═══ Data to use ═══
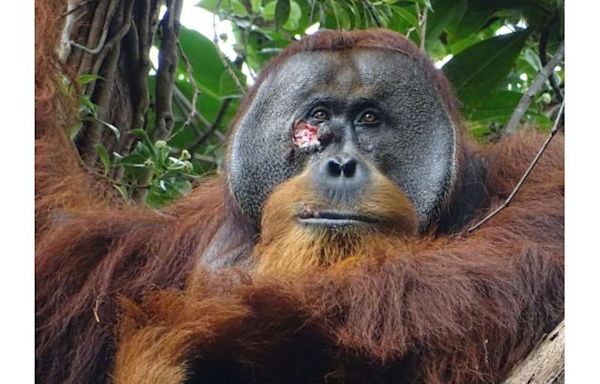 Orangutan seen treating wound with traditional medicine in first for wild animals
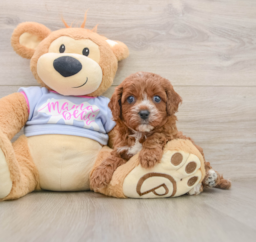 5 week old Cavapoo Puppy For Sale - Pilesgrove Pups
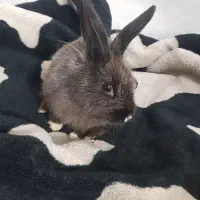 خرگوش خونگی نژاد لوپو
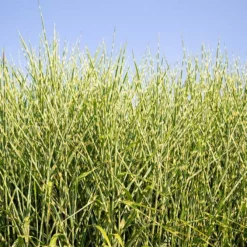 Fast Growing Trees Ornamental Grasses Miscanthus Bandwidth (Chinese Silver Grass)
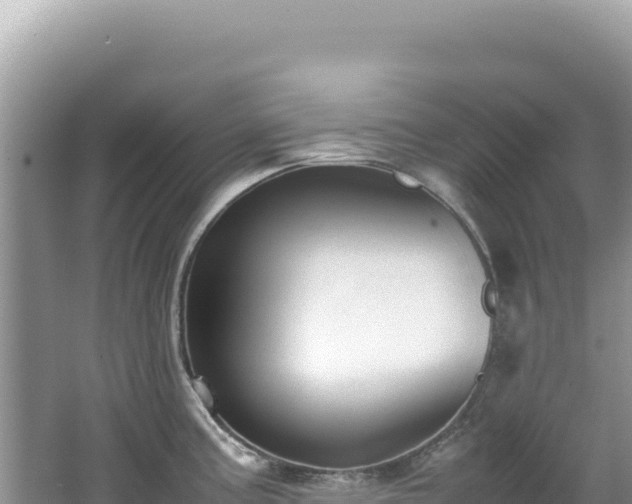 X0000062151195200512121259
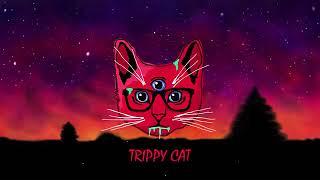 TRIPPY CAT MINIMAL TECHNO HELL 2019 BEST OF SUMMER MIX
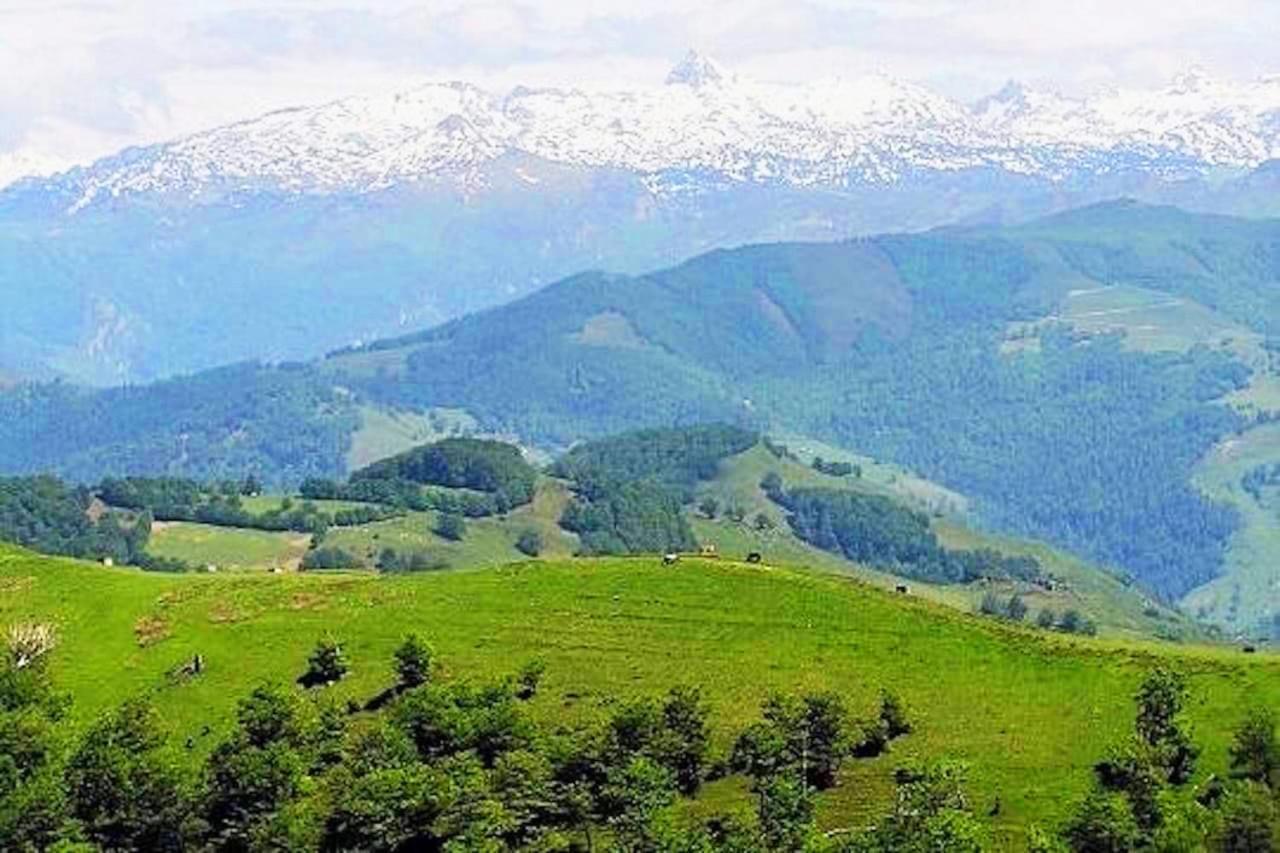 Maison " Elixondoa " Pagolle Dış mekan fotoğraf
═══
═══ Data to use ═══
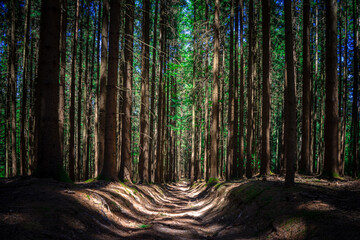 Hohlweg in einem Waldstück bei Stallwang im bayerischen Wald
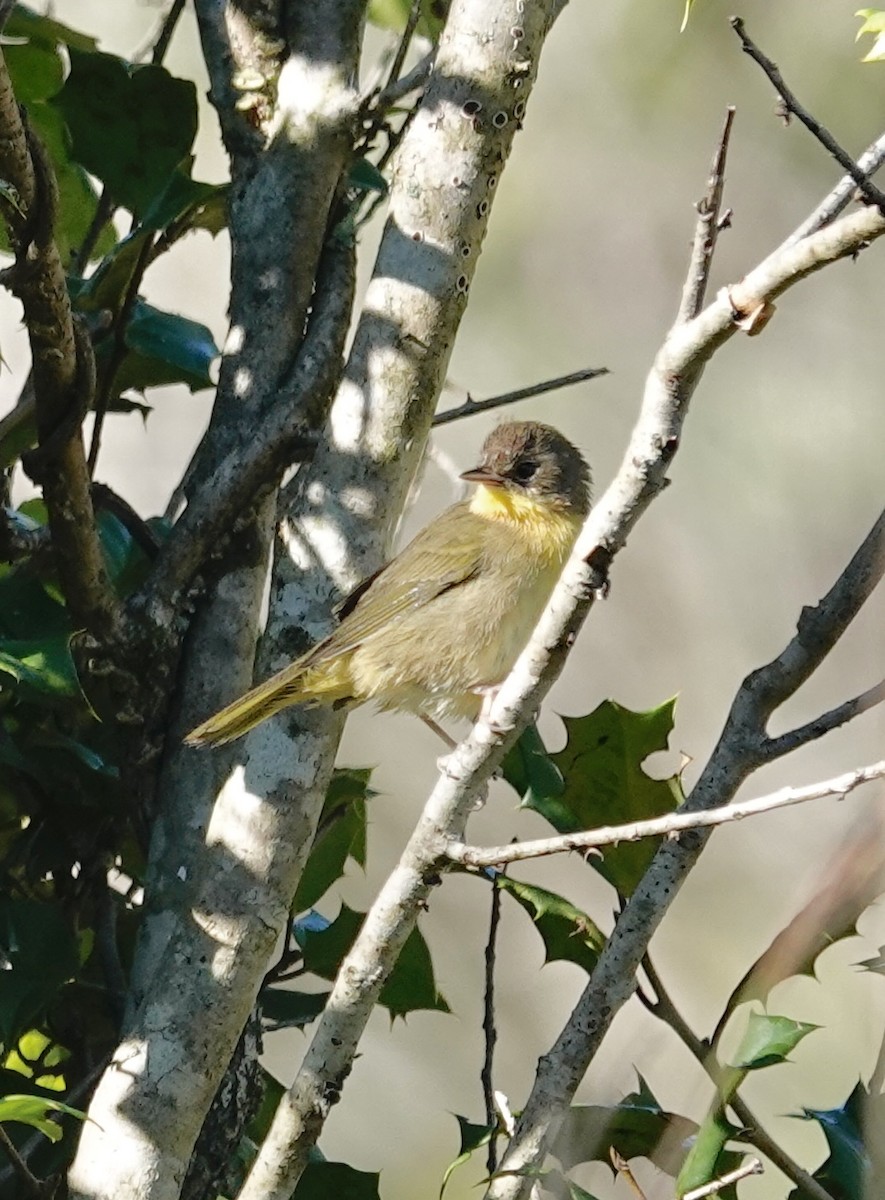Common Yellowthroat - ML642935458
═══
Task description: Copy back exactly the lines above from the one containing "X0000062151195200512121259" through the one containing "Dış mekan fotoğraf", and leave every picture behind.

Exercise answer:
 X0000062151195200512121259
 TRIPPY CAT MINIMAL TECHNO HELL 2019 BEST OF SUMMER MIX
 Maison " Elixondoa " Pagolle Dış mekan fotoğraf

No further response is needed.